Ce fut un repas silencieux, chacun s’absorbant dans ses réflexions. Perrin trouvait pénible de regarder Mat manger. Il n’avait rien perdu de son appétit robuste, en dépit de la rougeur que la fièvre faisait monter à ses joues, et la façon dont il enfournait les aliments dans sa bouche donnait l’impression qu’il prenait son dernier repas avant de mourir. Perrin tint ses yeux fixés sur son assiette autant que possible et regretta qu’ils aient un jour quitté le Champ d’Emond.

Quand les serveuses eurent débarrassé la table et se furent retirées, Vérine insista pour qu’ils restent ensemble jusqu’au retour de Hurin. « Il apportera peut-être des nouvelles qui nous obligeront à partir aussitôt. »

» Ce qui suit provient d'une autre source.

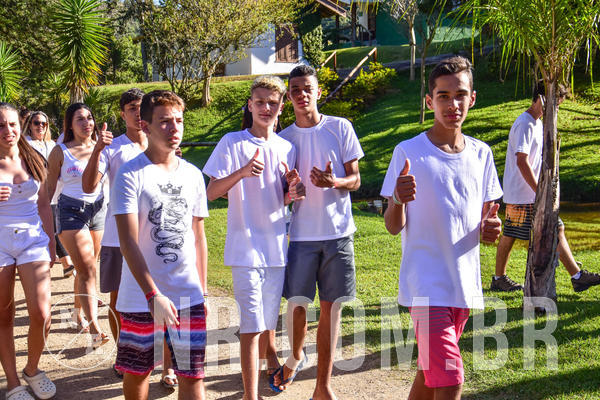 Buy your photos of the eventNR  Fun - Resort Santo Ant�nio do Pinhal 14 a 18/08/19 on Fotop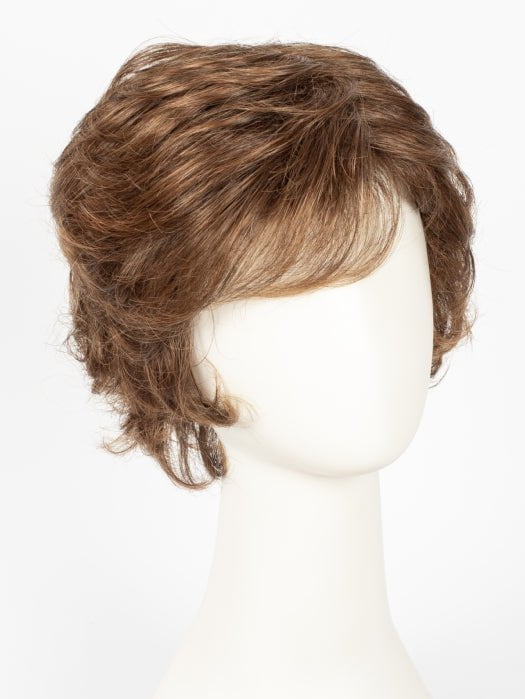 Gaby | Synthetic Wig (Basic Cap) - Image 57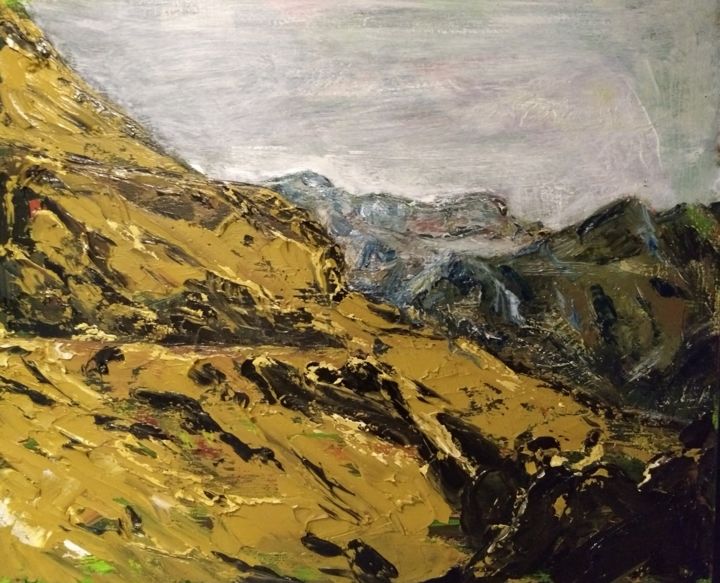 img-20171211-163139017-1.jpg Painting, 19.7x23.6 in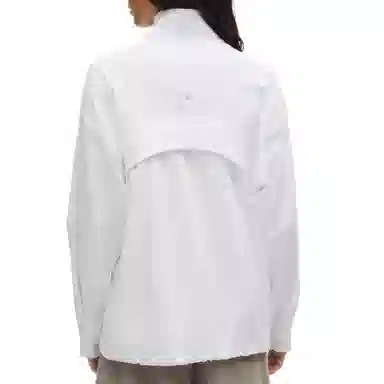 lululemon Define Luon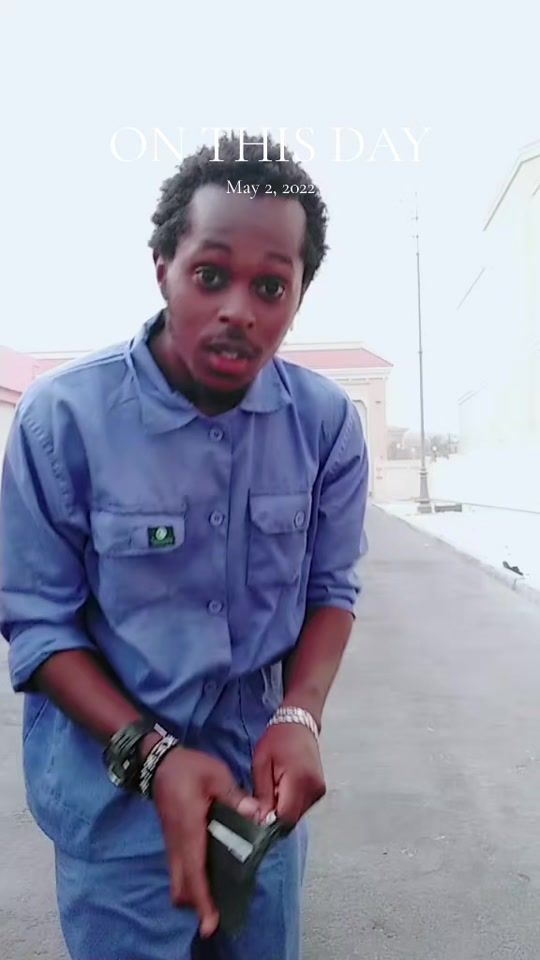 TikTok video thumbnail by dzaddyjohnty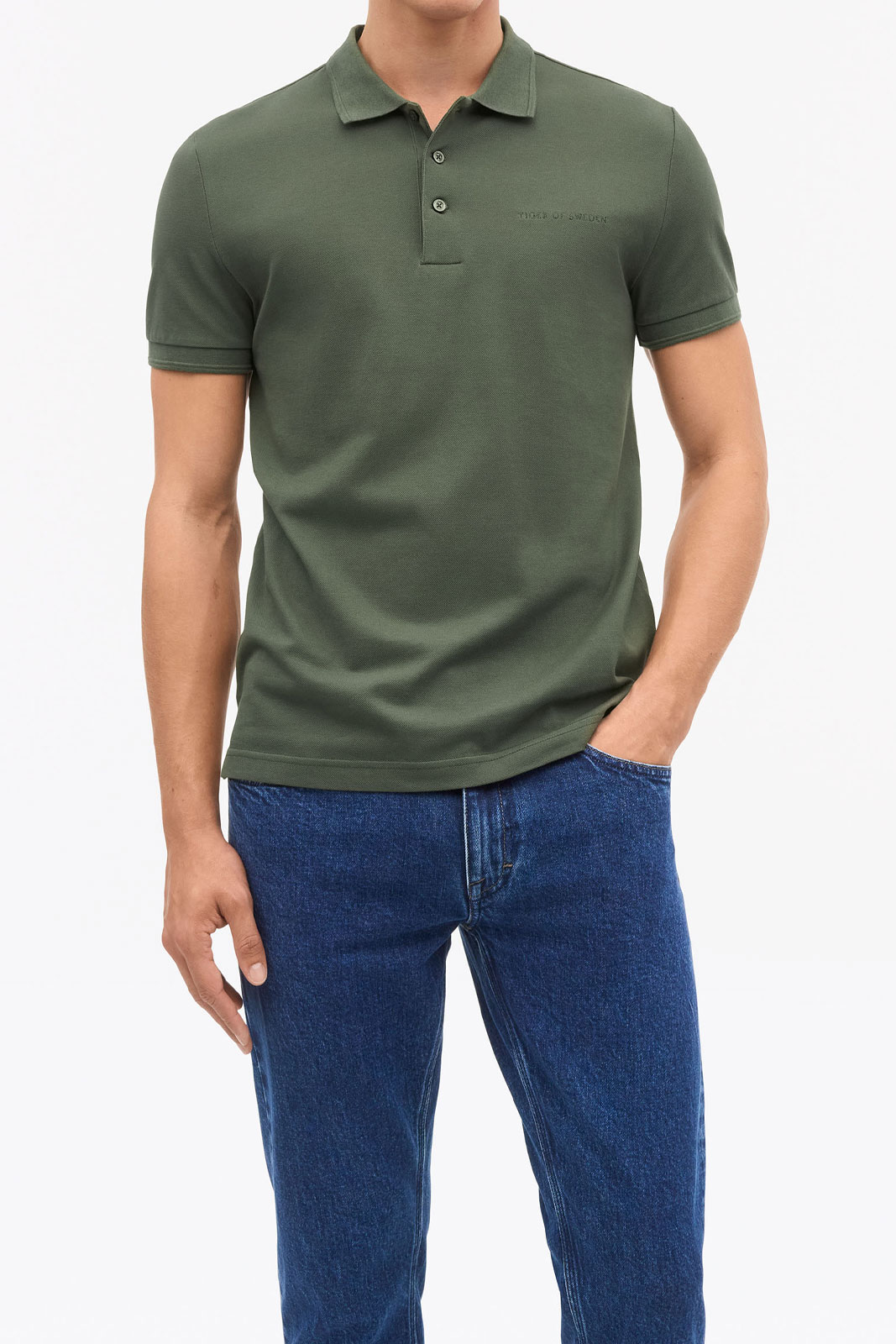 Darios T69087 4AQ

Mat se remit à ses exercices de jonglerie et Loial à sa lecture. Rand demanda à l’aubergiste s’il y avait d’autres livres et elle lui apporta Les Voyages de Jain Farstrider. Perrin aimait aussi ce livre-là avec ses récits d’aventures chez le Peuple de la Mer et de pérégrinations dans les pays situés au-delà du Désert des Aiels, d’où provenait la soie. Toutefois, il n’avait pas envie de lire ; il installa donc une tablette pour jouer aux mérelles avec Ingtar. Le Shienarien avait un style de jeu audacieux et brillant. Ordinairement, Perrin jouait après mûre réflexion, cédant du terrain à regret, mais cette fois-ci il se retrouva en train de jouer avec autant de témérité qu’Ingtar. La plupart des parties se terminèrent en parties nulles, mais il réussit à en gagner autant qu’Ingtar. Le Shienarien le regardait avec une considération toute neuve en début de soirée quand le Flaireur revint.